The Roman historian Cassius Dio described Cleopatra as "a woman of unsurpassed beauty," and Hollywood portrayed her as a glamorous seductress. However, all ideas about the Egyptian queen were changed by a small coin, which was found in 2007 in the collection of the Society of Antiquaries of Newcastle.
It featured Cleopatra, but her face was not like Elizabeth Taylor's. The woman looked "ugly" and even "repulsive", writes HystoryExtra.
However, for all the hype that the find sparked, there was nothing out of the ordinary about the coin. A lot of coins with a portrait of Cleopatra have survived to our time, and they, as a rule, depict the same face: a large nose, a sloping forehead, a sharply pointed chin and thin lips.
As surprising as these portraits may have seemed to those who grew up with the "Hollywood Cleopatra", they are the only historical depictions of the queen that we have.

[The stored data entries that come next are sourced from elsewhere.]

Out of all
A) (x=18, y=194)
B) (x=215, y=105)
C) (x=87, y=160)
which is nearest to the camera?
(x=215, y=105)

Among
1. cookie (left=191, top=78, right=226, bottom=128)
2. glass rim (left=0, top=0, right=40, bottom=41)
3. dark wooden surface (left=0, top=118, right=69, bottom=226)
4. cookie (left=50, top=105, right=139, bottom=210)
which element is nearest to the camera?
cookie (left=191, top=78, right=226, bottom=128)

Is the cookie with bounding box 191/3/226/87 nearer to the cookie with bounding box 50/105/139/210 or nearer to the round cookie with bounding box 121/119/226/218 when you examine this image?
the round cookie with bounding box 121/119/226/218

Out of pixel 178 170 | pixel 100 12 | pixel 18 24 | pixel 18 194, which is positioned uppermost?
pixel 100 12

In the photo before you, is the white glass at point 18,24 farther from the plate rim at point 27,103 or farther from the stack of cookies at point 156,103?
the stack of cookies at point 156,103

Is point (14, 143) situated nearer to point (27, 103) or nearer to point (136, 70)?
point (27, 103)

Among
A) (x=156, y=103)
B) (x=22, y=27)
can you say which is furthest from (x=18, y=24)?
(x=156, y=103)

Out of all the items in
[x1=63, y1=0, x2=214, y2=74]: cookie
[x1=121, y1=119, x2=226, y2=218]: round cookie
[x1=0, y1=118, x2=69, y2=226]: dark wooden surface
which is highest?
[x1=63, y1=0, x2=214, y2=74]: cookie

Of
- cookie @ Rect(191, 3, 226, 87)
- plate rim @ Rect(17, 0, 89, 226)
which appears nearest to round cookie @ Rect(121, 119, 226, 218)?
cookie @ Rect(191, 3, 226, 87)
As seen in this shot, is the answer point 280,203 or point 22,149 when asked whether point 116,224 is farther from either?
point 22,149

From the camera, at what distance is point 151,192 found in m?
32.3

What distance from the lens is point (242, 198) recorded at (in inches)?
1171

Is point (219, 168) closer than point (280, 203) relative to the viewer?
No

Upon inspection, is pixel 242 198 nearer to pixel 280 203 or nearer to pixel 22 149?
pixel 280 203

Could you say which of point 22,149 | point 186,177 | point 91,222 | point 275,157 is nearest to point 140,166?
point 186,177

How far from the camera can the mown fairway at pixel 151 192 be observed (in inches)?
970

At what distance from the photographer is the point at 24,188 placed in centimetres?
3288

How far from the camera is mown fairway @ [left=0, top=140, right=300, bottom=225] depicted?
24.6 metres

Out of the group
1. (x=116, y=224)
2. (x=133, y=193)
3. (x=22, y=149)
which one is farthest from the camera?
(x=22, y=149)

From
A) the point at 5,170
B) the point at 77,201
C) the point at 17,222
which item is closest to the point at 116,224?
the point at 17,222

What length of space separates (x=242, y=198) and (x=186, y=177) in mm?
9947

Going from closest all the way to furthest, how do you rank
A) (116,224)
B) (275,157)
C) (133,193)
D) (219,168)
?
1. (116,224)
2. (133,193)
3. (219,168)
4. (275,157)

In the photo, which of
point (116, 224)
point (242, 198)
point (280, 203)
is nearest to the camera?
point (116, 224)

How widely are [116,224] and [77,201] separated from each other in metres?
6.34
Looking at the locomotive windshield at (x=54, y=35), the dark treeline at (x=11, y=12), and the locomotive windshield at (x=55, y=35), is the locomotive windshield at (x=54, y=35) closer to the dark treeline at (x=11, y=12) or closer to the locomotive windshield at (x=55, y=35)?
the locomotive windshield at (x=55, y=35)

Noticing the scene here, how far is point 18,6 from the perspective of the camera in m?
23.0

Nevertheless, this did not prevent some from calling them inaccurate and exaggerated. According to experts, these porters could be the work of unskilled artists.

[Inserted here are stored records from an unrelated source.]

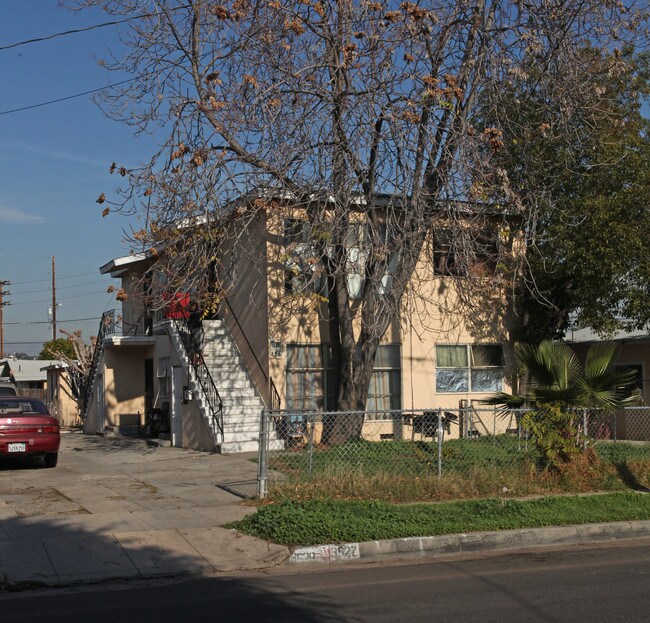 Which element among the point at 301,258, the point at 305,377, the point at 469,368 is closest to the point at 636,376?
the point at 469,368

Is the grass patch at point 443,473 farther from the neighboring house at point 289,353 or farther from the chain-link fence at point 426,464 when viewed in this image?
the neighboring house at point 289,353

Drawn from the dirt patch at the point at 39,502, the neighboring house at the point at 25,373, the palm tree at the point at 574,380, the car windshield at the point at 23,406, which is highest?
the neighboring house at the point at 25,373

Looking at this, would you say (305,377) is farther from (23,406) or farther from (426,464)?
(426,464)

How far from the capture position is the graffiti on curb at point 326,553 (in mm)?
9367

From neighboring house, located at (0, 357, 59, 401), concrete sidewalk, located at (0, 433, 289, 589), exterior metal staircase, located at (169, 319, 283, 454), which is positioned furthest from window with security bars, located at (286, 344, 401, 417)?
neighboring house, located at (0, 357, 59, 401)

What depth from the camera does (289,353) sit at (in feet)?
66.0

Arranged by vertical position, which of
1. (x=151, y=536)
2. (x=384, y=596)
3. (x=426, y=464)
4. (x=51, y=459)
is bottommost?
Answer: (x=384, y=596)

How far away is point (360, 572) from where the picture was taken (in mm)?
8922

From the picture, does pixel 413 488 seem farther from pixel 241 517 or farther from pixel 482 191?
pixel 482 191

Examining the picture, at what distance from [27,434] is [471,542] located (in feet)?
31.1

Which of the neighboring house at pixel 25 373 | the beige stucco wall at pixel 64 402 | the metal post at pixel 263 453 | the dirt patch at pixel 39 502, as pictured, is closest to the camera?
the dirt patch at pixel 39 502

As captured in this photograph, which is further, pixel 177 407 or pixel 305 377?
pixel 177 407

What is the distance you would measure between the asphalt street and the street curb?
0.30 meters

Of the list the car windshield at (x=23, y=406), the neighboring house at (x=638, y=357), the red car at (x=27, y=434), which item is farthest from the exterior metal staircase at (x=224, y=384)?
the neighboring house at (x=638, y=357) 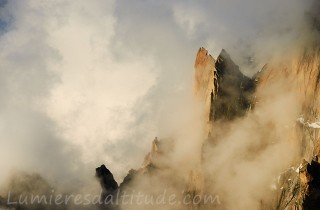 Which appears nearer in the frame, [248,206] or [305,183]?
[305,183]

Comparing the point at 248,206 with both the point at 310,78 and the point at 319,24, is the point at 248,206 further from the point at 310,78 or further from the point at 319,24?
the point at 319,24

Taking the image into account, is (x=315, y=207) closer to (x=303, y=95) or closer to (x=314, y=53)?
(x=303, y=95)

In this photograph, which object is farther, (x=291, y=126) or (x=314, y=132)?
(x=291, y=126)

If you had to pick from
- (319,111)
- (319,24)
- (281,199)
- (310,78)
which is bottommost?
(281,199)

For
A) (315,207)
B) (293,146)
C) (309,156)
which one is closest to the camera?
(315,207)

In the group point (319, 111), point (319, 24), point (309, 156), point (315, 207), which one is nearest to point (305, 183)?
point (315, 207)

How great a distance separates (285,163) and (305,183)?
3868 centimetres

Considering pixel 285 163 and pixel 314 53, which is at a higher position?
pixel 314 53

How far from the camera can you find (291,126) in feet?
652

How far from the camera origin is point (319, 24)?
650 feet

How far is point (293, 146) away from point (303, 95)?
20328 millimetres

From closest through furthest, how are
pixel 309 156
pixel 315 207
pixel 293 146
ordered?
pixel 315 207 < pixel 309 156 < pixel 293 146

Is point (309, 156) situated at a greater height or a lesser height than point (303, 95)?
lesser

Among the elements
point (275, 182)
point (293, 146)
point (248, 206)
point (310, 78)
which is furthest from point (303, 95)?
point (248, 206) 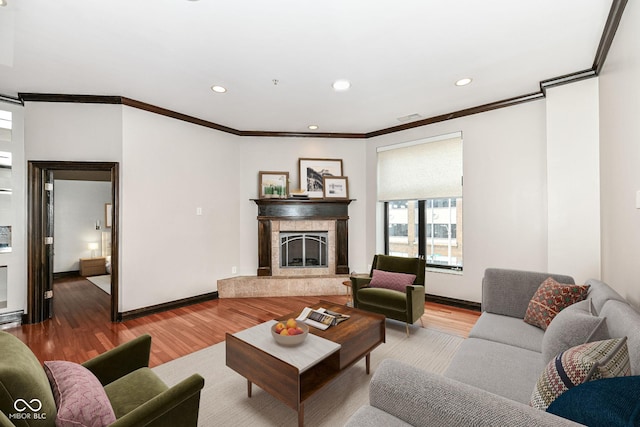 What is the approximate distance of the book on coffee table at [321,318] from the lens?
2365 mm

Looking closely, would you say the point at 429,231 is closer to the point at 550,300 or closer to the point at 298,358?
the point at 550,300

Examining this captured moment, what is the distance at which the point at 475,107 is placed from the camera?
3.95 metres

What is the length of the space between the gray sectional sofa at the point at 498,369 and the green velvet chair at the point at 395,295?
696 mm

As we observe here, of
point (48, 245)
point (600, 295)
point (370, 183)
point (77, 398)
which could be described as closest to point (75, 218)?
point (48, 245)

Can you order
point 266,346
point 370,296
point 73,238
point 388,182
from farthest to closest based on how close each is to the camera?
point 73,238, point 388,182, point 370,296, point 266,346

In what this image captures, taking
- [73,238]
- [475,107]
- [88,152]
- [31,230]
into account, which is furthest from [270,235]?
[73,238]

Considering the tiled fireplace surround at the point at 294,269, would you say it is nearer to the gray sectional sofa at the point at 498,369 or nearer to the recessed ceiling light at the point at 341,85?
the recessed ceiling light at the point at 341,85

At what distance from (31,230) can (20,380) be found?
359 cm

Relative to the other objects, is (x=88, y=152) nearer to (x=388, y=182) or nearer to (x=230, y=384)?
(x=230, y=384)

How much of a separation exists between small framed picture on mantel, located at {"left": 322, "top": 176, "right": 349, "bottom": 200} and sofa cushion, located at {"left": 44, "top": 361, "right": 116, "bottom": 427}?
13.6ft

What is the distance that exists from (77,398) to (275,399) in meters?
1.34

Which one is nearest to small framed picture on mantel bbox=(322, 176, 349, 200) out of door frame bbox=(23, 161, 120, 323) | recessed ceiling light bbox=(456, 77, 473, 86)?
recessed ceiling light bbox=(456, 77, 473, 86)

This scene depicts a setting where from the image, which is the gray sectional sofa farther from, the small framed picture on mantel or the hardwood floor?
the small framed picture on mantel

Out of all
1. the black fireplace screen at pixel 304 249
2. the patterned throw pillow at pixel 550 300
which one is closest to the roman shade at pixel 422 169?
the black fireplace screen at pixel 304 249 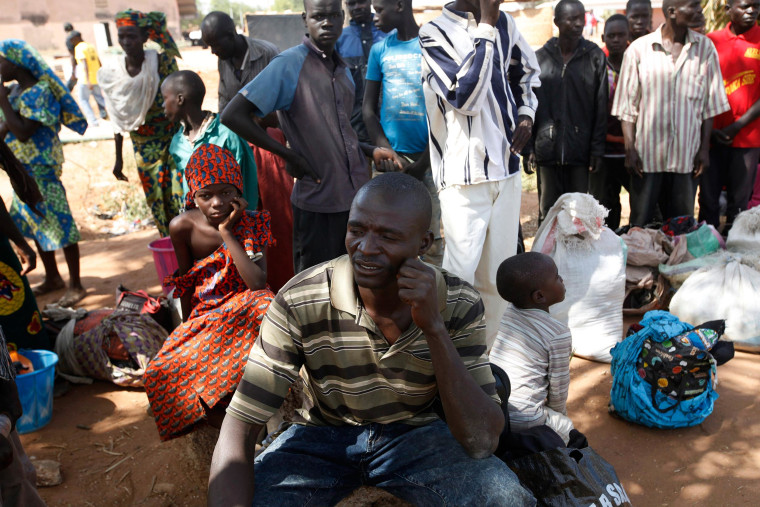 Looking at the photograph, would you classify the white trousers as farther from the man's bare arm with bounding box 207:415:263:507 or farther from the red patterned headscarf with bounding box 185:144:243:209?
the man's bare arm with bounding box 207:415:263:507

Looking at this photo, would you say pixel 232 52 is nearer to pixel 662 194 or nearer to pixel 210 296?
pixel 210 296

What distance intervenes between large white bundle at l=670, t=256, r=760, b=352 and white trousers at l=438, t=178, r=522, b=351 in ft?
4.44

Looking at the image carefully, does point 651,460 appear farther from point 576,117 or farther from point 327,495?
point 576,117

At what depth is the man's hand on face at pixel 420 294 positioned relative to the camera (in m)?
1.69

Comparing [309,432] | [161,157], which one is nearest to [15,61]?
[161,157]

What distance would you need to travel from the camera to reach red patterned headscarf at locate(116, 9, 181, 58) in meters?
4.97

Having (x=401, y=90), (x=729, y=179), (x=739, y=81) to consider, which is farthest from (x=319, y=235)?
(x=739, y=81)

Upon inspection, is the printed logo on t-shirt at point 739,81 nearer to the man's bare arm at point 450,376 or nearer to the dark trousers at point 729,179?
the dark trousers at point 729,179

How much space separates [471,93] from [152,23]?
3.27 meters

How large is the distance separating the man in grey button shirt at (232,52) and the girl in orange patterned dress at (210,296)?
1.96 meters

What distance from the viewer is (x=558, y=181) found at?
16.7ft

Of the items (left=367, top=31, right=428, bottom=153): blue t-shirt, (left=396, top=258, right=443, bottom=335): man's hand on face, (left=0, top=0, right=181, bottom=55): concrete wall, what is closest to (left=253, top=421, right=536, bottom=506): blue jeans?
(left=396, top=258, right=443, bottom=335): man's hand on face

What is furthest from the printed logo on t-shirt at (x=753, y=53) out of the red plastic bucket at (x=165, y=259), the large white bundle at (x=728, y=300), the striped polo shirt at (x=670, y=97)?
the red plastic bucket at (x=165, y=259)

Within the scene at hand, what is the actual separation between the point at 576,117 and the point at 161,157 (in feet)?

However, there is no reason to think that they were untrue. At that time, there was a universal approach to portraiture in the Mediterranean world, and the image of Cleopatra was no exception to this trend. Facial features such as a large nose or a determined chin could be slightly exaggerated, but only because they were considered the most recognizable attributes of the person depicted.
For example, Cleopatra's father is also depicted on coins with a large nose and a sloping forehead. Therefore, experts do not exclude that these traits could well be familial.
On the other hand, her lovers also do not correspond to modern popular ideas: Julius Caesar has a wrinkled, skinny neck and a bald head, which is slightly hidden by a crown, and Antony's protruding chin and broken nose do not at all resemble the features of Hollywood actor Richard Burton.
It was previously reported that the Egyptologist Okasha Ed Dali discovered a large number of medieval sources about Cleopatra, usually not considered in Western works. They describe a completely different Cleopatra, unlike that beautiful seductress as she is known today.